[ASSIGNMENT]: Copy out the data word for word, without any of its pictures.

- - - -

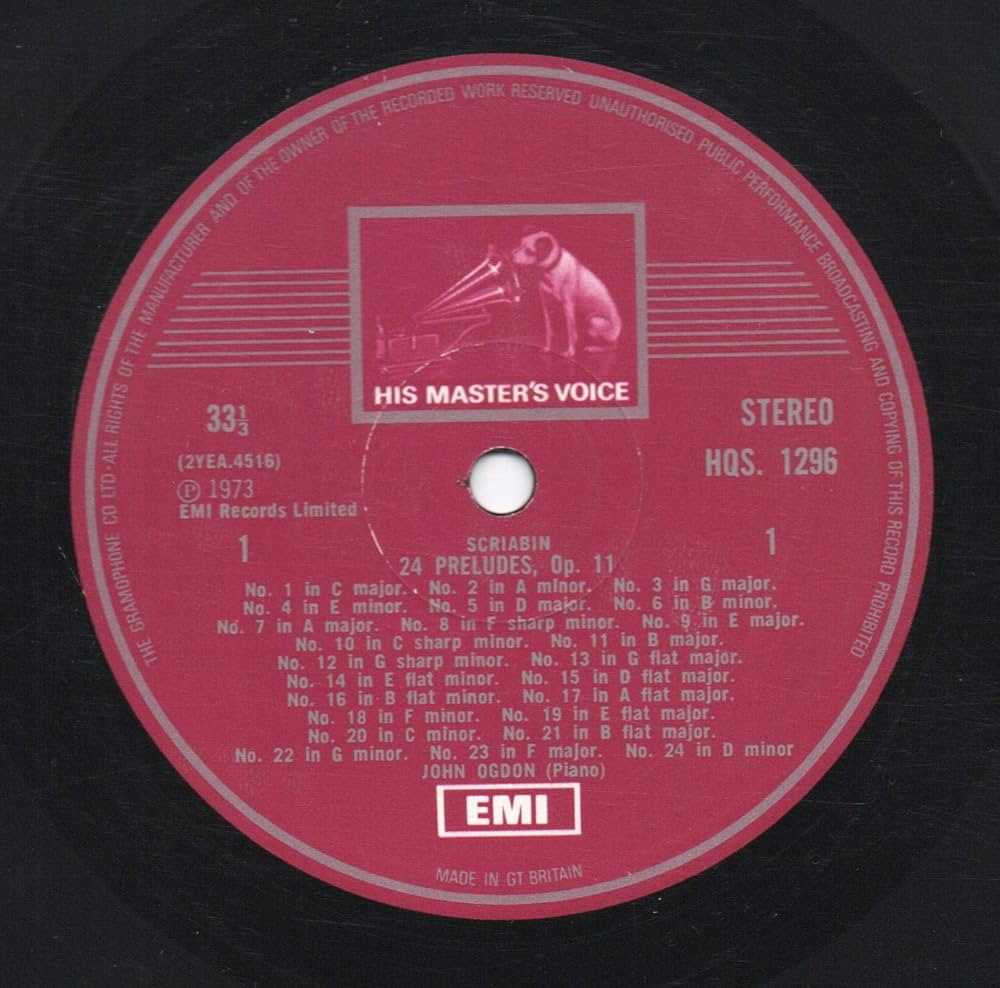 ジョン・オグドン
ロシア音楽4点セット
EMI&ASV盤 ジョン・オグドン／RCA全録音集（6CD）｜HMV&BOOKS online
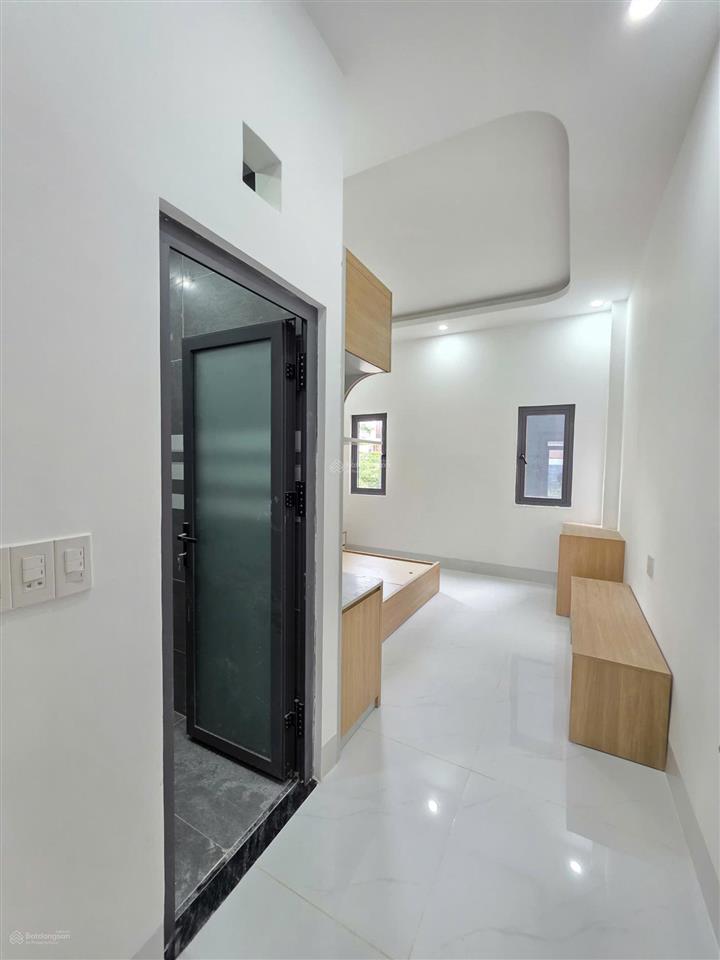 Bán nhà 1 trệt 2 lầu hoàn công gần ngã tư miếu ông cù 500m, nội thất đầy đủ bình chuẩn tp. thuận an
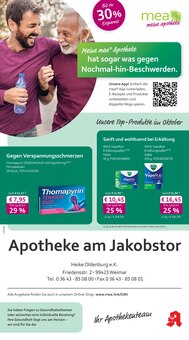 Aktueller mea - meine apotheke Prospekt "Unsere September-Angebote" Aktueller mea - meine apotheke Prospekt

- - - -

[SOLUTION FOR THIS EXERCISE]:
 ジョン・オグドン
ロシア音楽4点セット
EMI&ASV盤 ジョン・オグドン／RCA全録音集（6CD）｜HMV&BOOKS online
 Bán nhà 1 trệt 2 lầu hoàn công gần ngã tư miếu ông cù 500m, nội thất đầy đủ bình chuẩn tp. thuận an
 Aktueller mea - meine apotheke Prospekt "Unsere September-Angebote" Aktueller mea - meine apotheke Prospekt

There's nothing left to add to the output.